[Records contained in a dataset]
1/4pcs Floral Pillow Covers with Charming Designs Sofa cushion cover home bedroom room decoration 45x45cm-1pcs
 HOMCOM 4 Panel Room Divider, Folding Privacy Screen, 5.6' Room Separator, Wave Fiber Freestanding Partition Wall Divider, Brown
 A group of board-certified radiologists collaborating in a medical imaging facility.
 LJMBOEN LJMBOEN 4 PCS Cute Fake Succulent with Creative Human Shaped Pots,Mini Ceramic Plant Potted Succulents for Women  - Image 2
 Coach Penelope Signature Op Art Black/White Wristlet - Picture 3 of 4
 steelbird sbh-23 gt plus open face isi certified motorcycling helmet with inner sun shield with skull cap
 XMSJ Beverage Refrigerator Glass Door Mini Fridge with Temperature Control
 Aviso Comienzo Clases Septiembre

Try it => Transcribe, word for word, the data above from its first line through the line with "Coach Penelope Signature", and include nothing else.

Finished exercise =>
1/4pcs Floral Pillow Covers with Charming Designs Sofa cushion cover home bedroom room decoration 45x45cm-1pcs
 HOMCOM 4 Panel Room Divider, Folding Privacy Screen, 5.6' Room Separator, Wave Fiber Freestanding Partition Wall Divider, Brown
 A group of board-certified radiologists collaborating in a medical imaging facility.
 LJMBOEN LJMBOEN 4 PCS Cute Fake Succulent with Creative Human Shaped Pots,Mini Ceramic Plant Potted Succulents for Women  - Image 2
 Coach Penelope Signature Op Art Black/White Wristlet - Picture 3 of 4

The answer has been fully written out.